### Given records
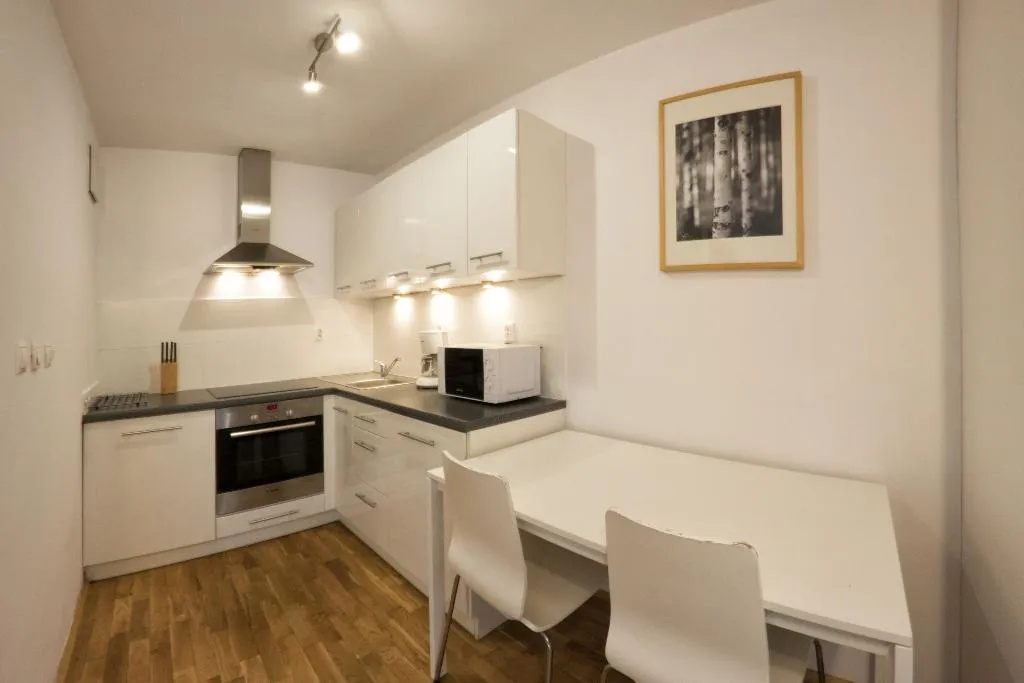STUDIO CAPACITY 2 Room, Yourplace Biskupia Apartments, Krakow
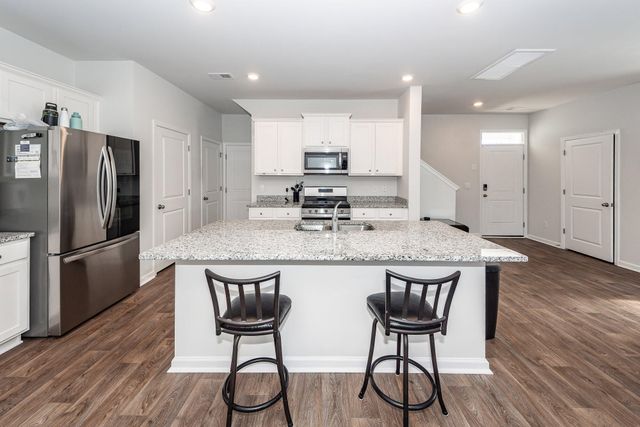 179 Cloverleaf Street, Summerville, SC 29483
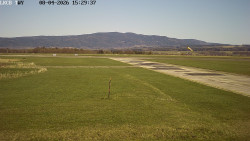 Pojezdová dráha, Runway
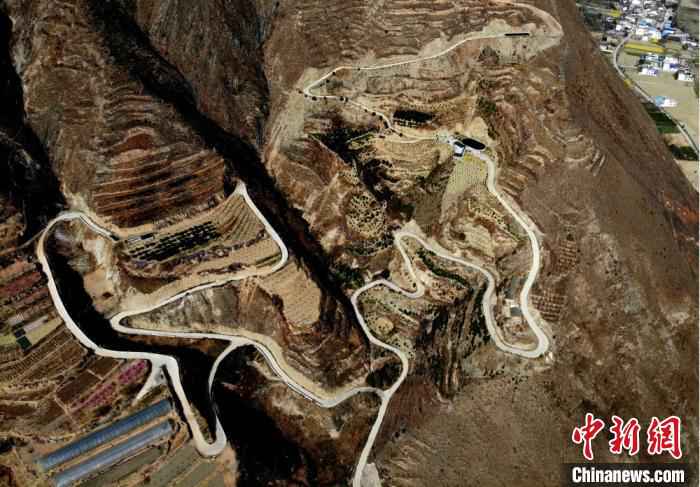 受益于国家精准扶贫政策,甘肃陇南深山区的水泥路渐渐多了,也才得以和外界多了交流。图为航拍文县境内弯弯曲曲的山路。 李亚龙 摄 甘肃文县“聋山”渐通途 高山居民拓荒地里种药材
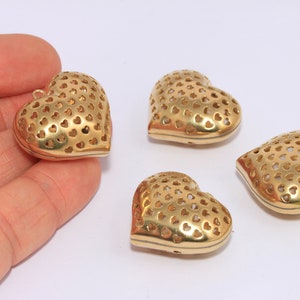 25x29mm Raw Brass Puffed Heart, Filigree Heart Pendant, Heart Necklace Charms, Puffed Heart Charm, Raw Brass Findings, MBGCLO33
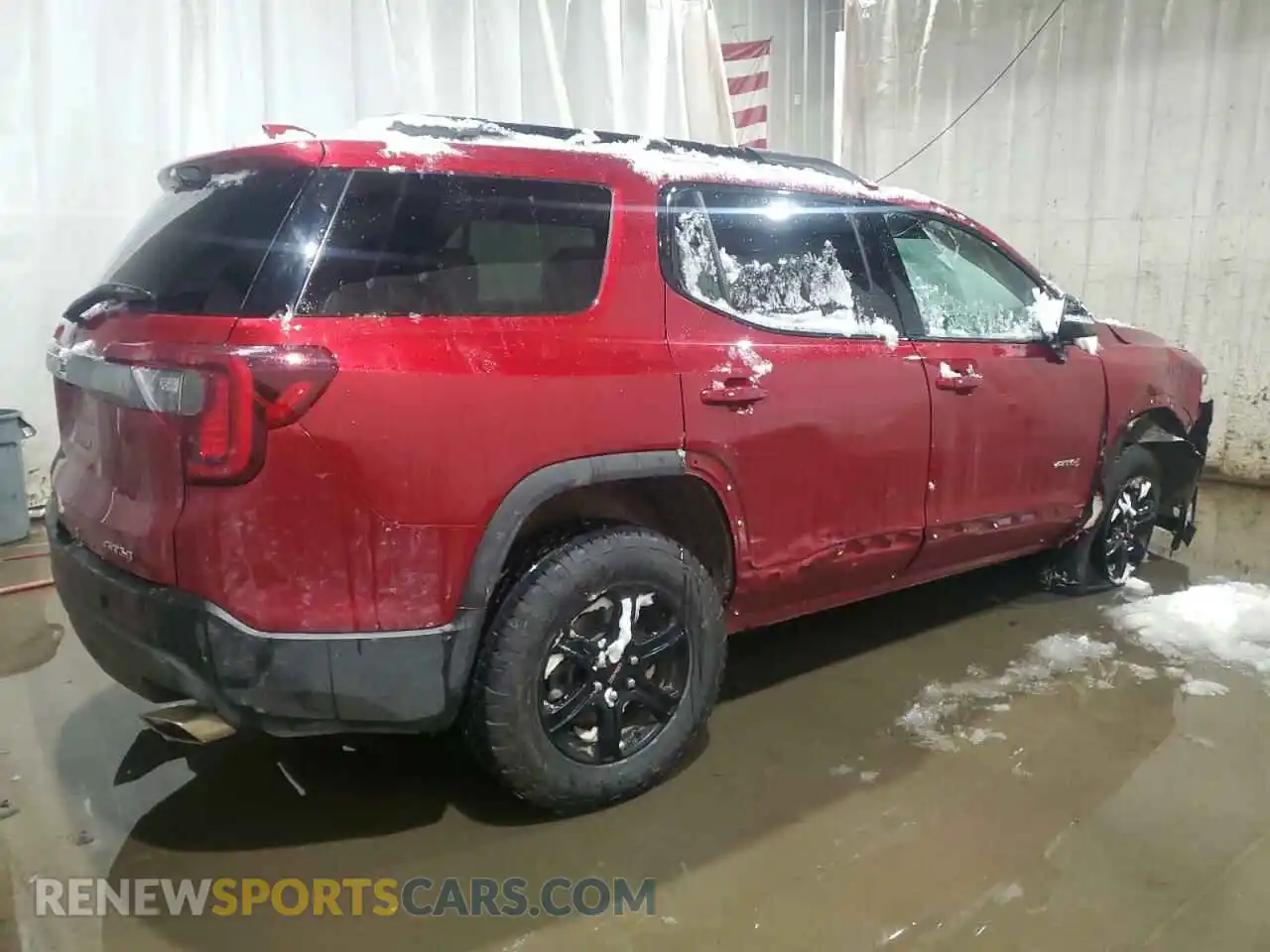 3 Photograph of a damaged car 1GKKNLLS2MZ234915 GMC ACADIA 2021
--
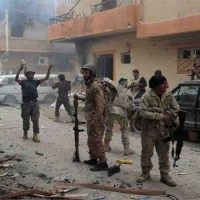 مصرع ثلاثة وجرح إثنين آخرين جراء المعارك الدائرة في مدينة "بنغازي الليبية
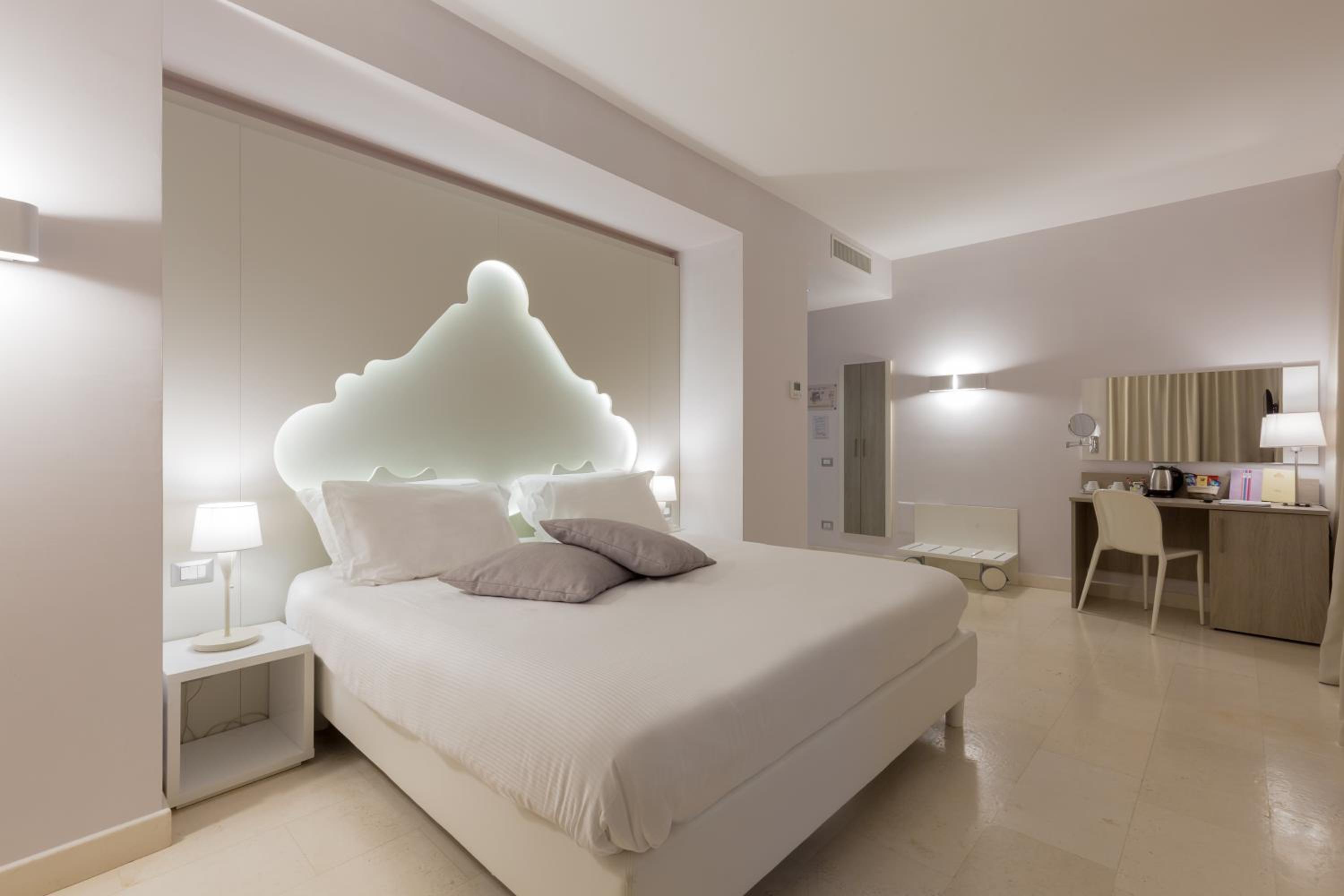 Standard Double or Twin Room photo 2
...
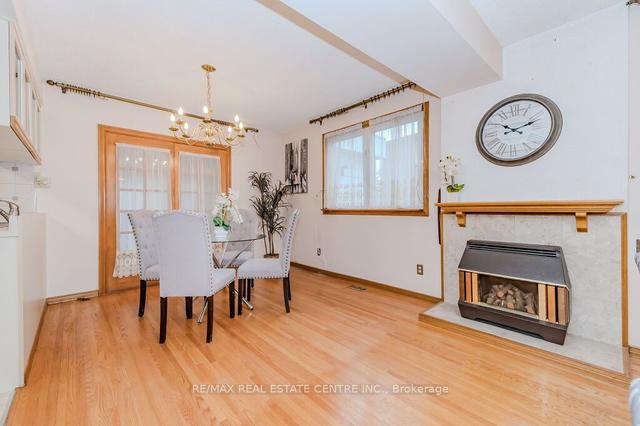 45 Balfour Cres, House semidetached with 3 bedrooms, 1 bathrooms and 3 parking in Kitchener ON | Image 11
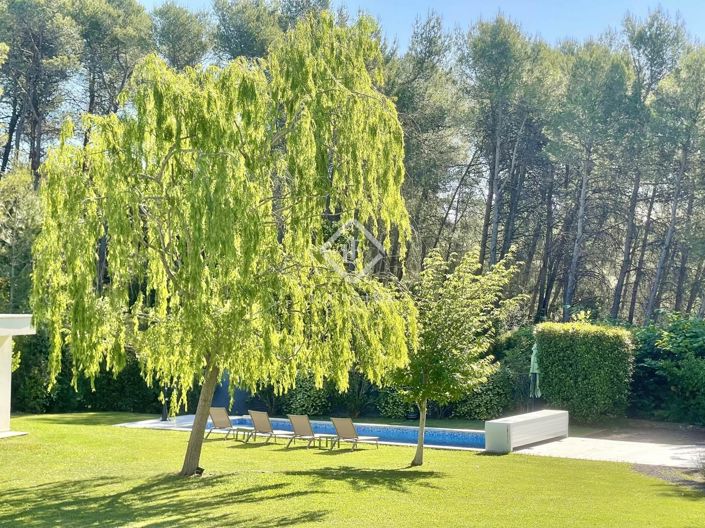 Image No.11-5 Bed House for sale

### Exercise brief
Nothing outside the stretch above, from the line with "STUDIO CAPACITY 2" through the line with "3 Photograph of", is set down. Transcribe that stretch exactly, ends included, but not its pictures.

### Answer to this task
STUDIO CAPACITY 2 Room, Yourplace Biskupia Apartments, Krakow
 179 Cloverleaf Street, Summerville, SC 29483
 Pojezdová dráha, Runway
 受益于国家精准扶贫政策,甘肃陇南深山区的水泥路渐渐多了,也才得以和外界多了交流。图为航拍文县境内弯弯曲曲的山路。 李亚龙 摄 甘肃文县“聋山”渐通途 高山居民拓荒地里种药材
 25x29mm Raw Brass Puffed Heart, Filigree Heart Pendant, Heart Necklace Charms, Puffed Heart Charm, Raw Brass Findings, MBGCLO33
 3 Photograph of a damaged car 1GKKNLLS2MZ234915 GMC ACADIA 2021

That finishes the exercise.